Material for this task |
┄┄┄┄┄┄┄┄┄┄┄┄┄┄┄┄┄┄┄┄

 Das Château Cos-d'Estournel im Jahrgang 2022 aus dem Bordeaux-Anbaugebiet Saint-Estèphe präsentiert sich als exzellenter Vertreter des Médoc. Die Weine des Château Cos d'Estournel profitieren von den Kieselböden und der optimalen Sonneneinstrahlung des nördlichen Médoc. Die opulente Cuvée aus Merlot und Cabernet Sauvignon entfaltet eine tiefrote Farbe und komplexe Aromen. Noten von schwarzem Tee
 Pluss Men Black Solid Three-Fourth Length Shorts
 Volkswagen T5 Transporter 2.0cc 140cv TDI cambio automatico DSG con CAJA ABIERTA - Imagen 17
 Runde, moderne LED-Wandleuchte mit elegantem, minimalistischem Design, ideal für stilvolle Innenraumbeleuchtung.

┄┄┄┄┄┄┄┄┄┄┄┄┄┄┄┄┄┄┄┄

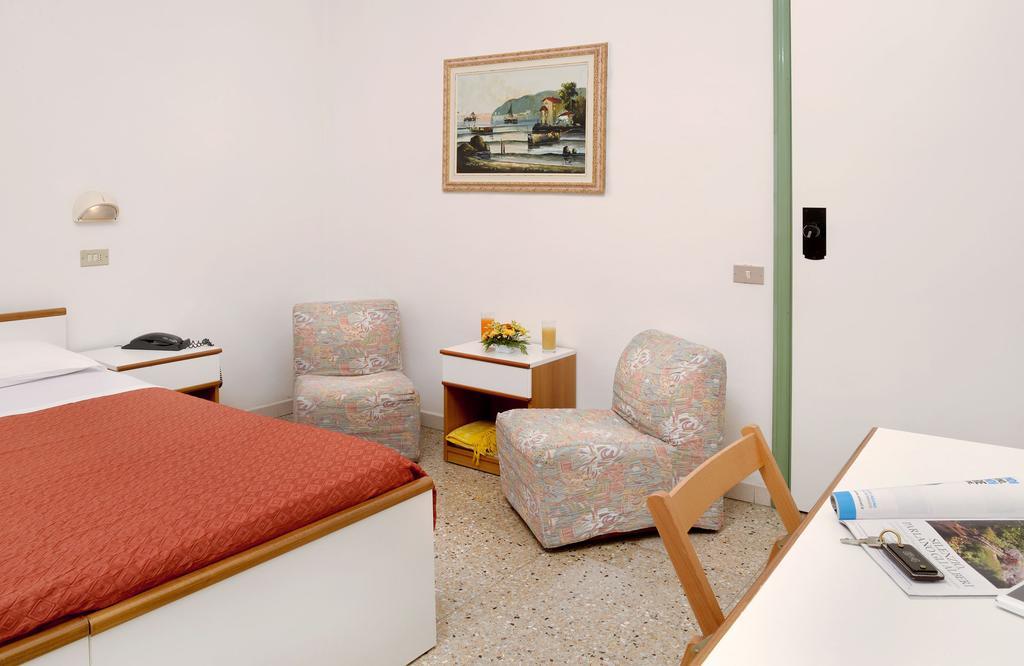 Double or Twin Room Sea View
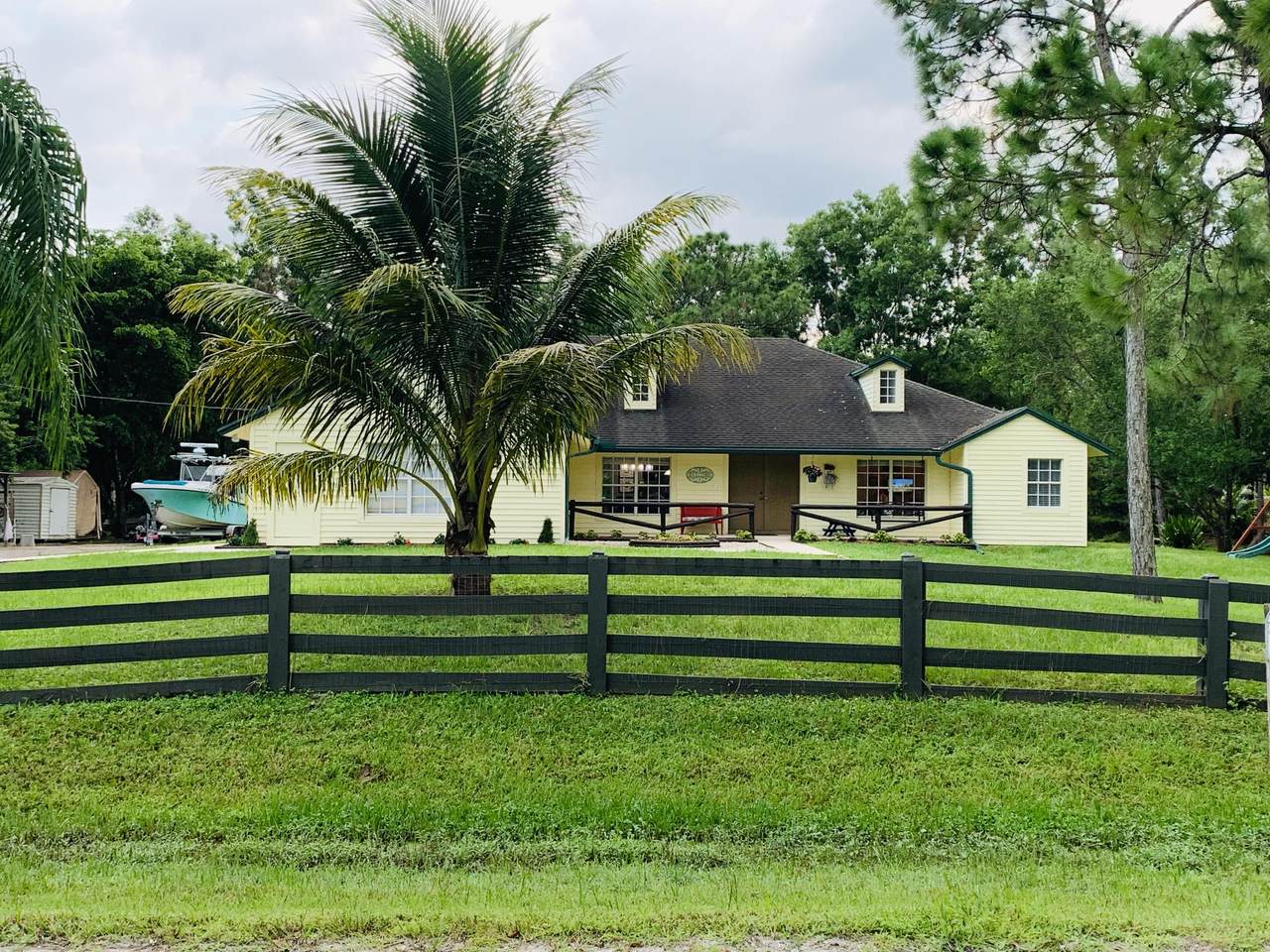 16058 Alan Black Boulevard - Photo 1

┄┄┄┄┄┄┄┄┄┄┄┄┄┄┄┄┄┄┄┄

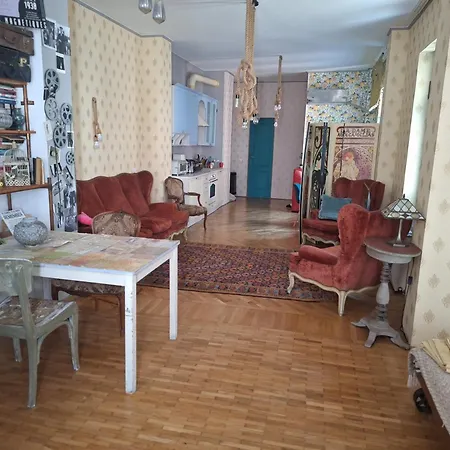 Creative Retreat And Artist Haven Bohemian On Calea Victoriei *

┄┄┄┄┄┄┄┄┄┄┄┄┄┄┄┄┄┄┄┄

Goal of the exercise | Restate word for word the entries above, starting at the line with "Pluss Men Black" and ending at the line with "Runde, moderne LED-Wandleuchte", inclusive, and no others.

Solved problem |
 Pluss Men Black Solid Three-Fourth Length Shorts
 Volkswagen T5 Transporter 2.0cc 140cv TDI cambio automatico DSG con CAJA ABIERTA - Imagen 17
 Runde, moderne LED-Wandleuchte mit elegantem, minimalistischem Design, ideal für stilvolle Innenraumbeleuchtung.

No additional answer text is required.